Par voie de conséquence, les élus locaux vont nécessairement tirer un meilleur parti de ces formations, grâce aux enseignements qu’ils vont recevoir et aux échanges d’expériences qui marqueront leurs travaux en ateliers. Ayant des capacités ainsi renforcées, ces catalyseurs du développement local vont mieux servir leurs concitoyens qui les ont élus.
Les fruits de la mise en œuvre effective de la décentralisation sont-ils déjà perceptibles au niveau des populations ?
Dans nos deux précédentes réponses, nous vous avons régulièrement affirmé que l’ensemble des efforts déployés dans le domaine de la décentralisation visent, comme but ultime, une meilleure prestation des services communaux en faveur des citoyens-électeurs.
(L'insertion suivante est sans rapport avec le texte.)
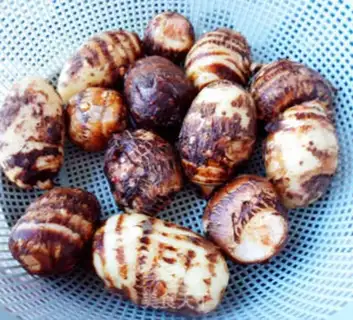 Make Potato soup step 1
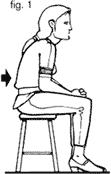 CAPITOLO 4 ESERCIZI FISICI La tendenza ad attività sedentarie e l assunzione di posture forzate, registrabili in molti rami della nostra società (es.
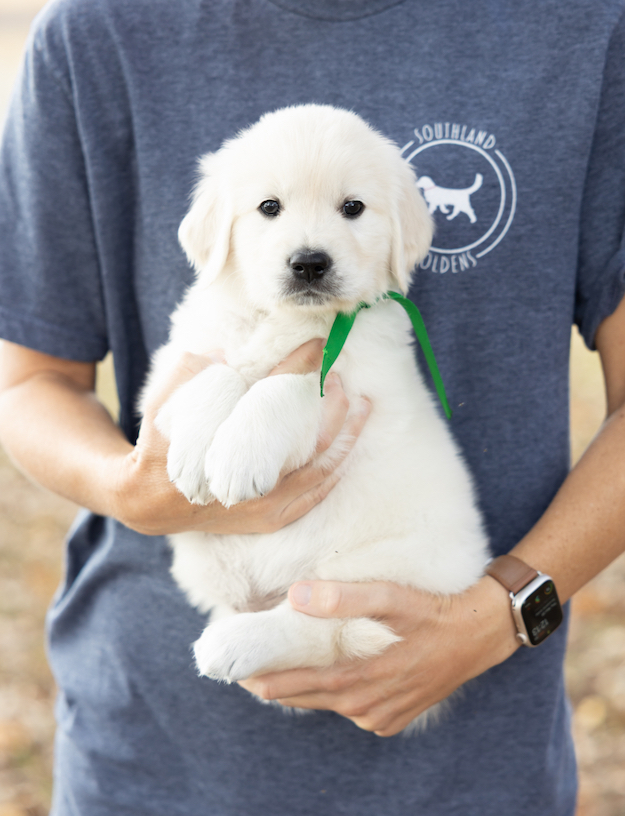 a person holding a white puppy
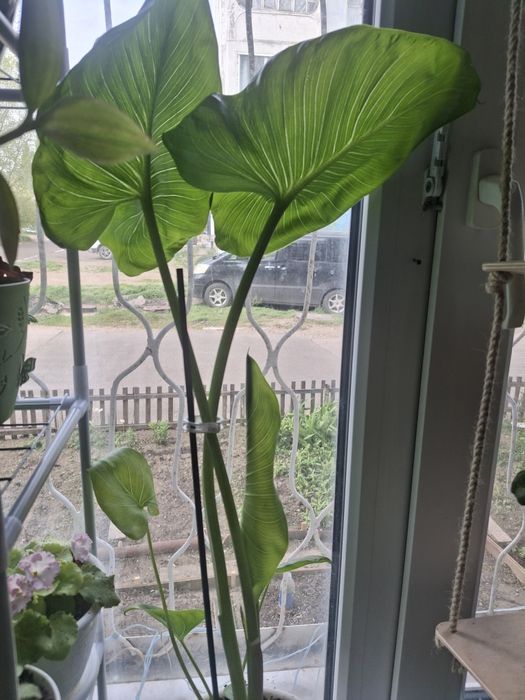 Продам домашние цветы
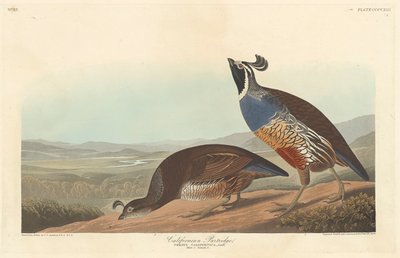 Californian Partridge by John James Audubon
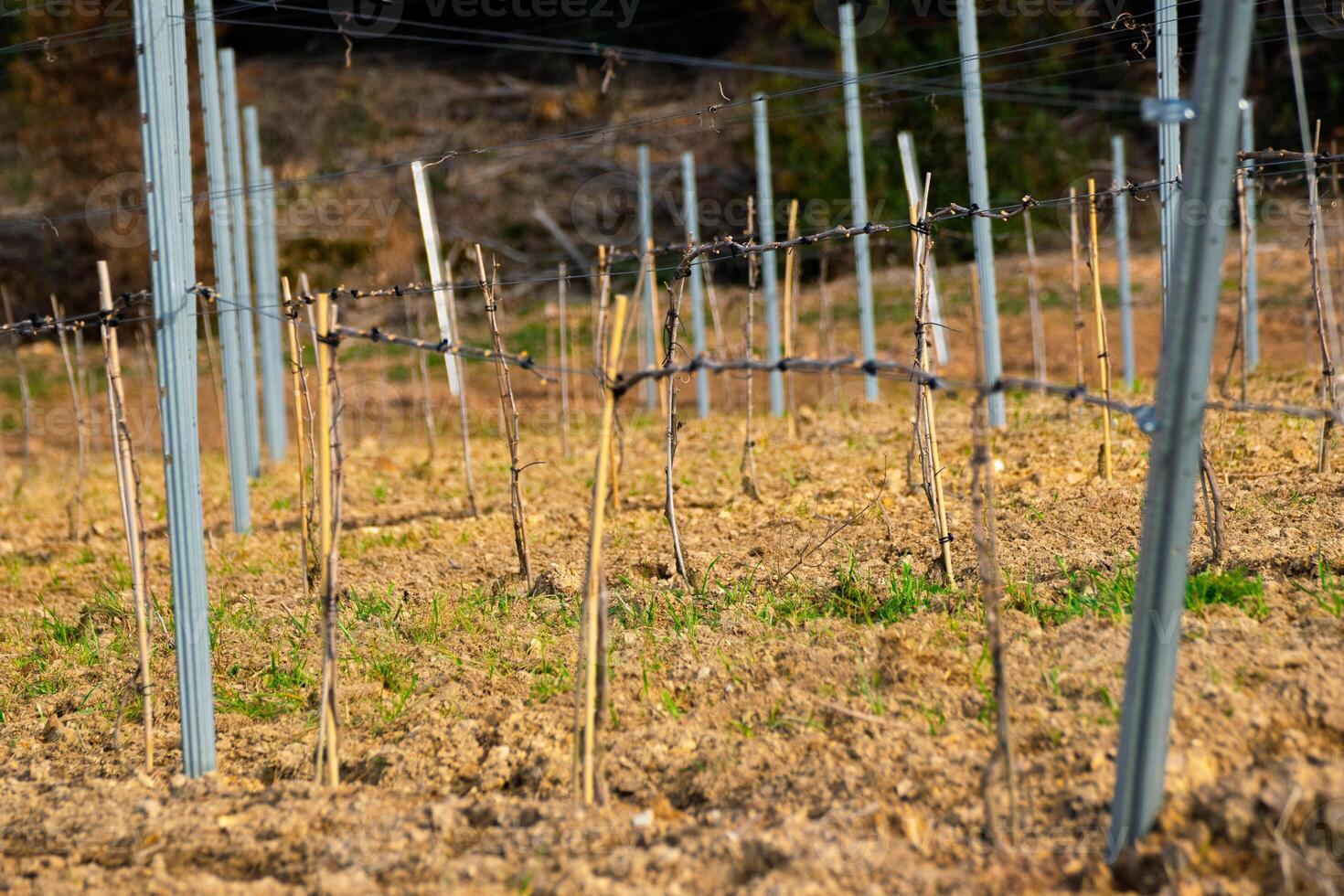 rows of young grapevines and metal supports photo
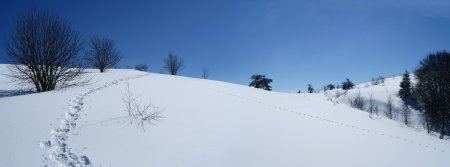 Dernière pente avant le col.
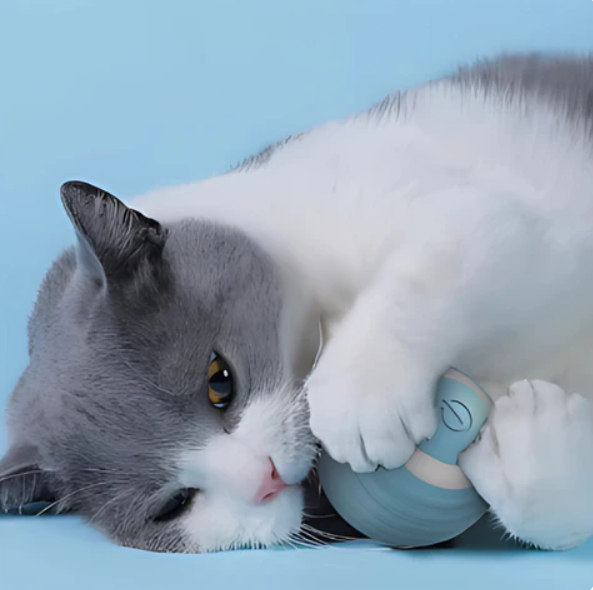 "Interactive rolling cat toy ball with vibrant feather tail, designed to engage and stimulate your cat's play instincts."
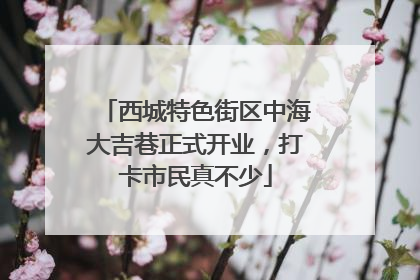 西城特色街区中海大吉巷正式开业，打卡市民真不少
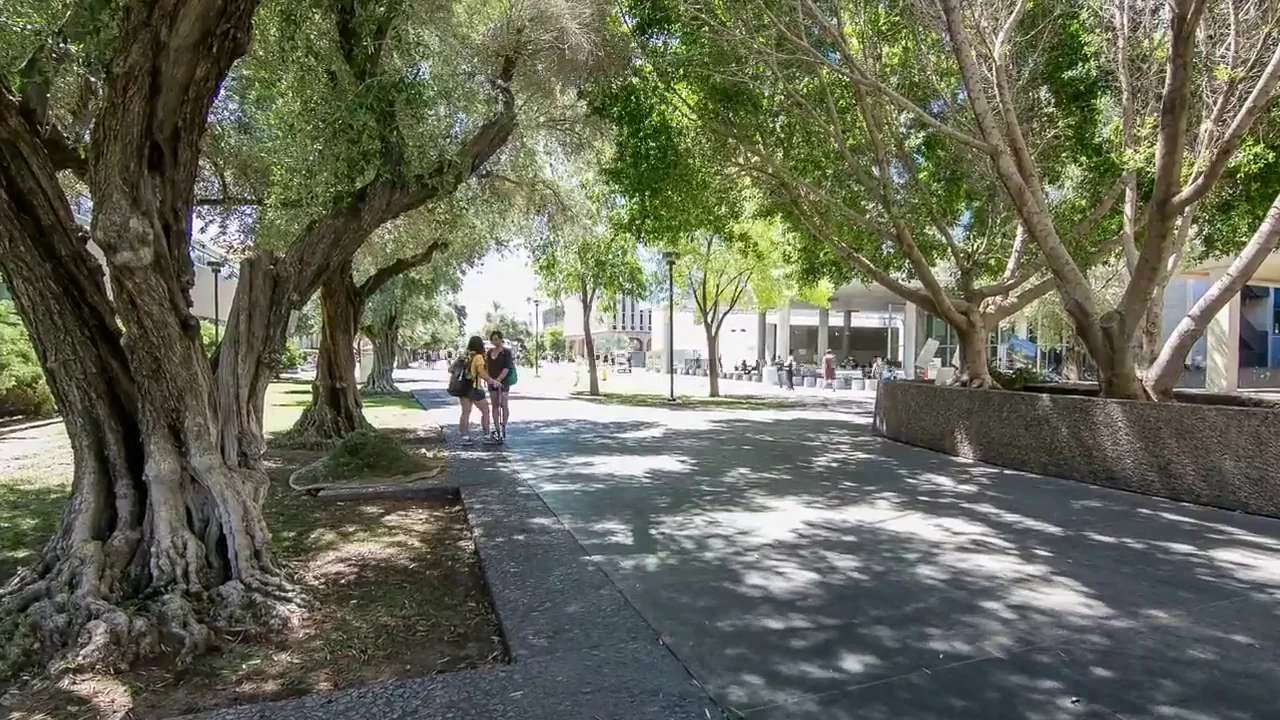 MIRABELLA AT ASU
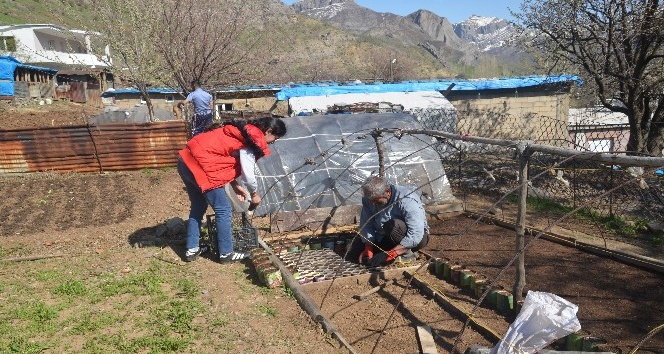 Şırnak’ta organik sebze tohumları toprakla buluştu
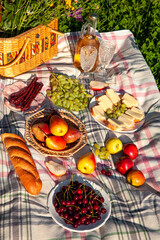 Picnic on a sunny day. Fruits, berries, sandwiches, baguette and wine, ready for a summer picnic on a warm sunny day. Top view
La mise en œuvre de la politique de décentralisation, impulsée par le président de la République, Son Excellence Paul Biya, est une opportunité à saisir par l’ensemble des acteurs nationaux. Nous n’hésitons pas à le dire à la suite du président de la République, qu’il s’agit fondamentalement de « donner aux Camerounais, au niveau local, la possibilité d’être associés à la gestion de leurs propres affaires».
Les fruits auxquels vous faites allusion, sans être suffisants, sont déjà perceptibles sur le terrain. Nous en voulons pour preuve les divers projets déjà exécutés ou en cours d’exécution par les municipalités à travers le territoire national. Cette tendance est appelée à monter en puissance pour le plus grand bien des populations.
Après les transferts des compétences de première génération, que prévoit l’agenda pour ce qui est des transferts de la deuxième génération ?
Avant de parler de la deuxième génération des transferts des compétences et des ressources, il nous semble qu’il importe d’abord d’évaluer l’exercice des premières compétences et des ressources transférées. Le séminaire en cours nous permet dès lors d’amorcer cette évaluation, tout au moins à mi-parcours. Nous devons répondre ensemble aux questions que l’exercice des premiers transferts pose sur le terrain. Ces questions tournent essentiellement autour des mécanismes de l’exécution financière concrète des transferts, les cahiers de charges pour l’exercice des compétences, l’utilisation des personnels des services déconcentrés de l’État par les communautés urbaines et les communes, la tutelle de l’État, et bien d’autres questionnements. Des réponses appropriées à toutes ces interrogations sont indispensables pour la confection sereine de la deuxième génération des transferts. Nous pouvons juste vous rassurer que le Comité interministériel des services locaux et le Conseil national de la décentralisation travaillent déjà dans le sens de votre préoccupation.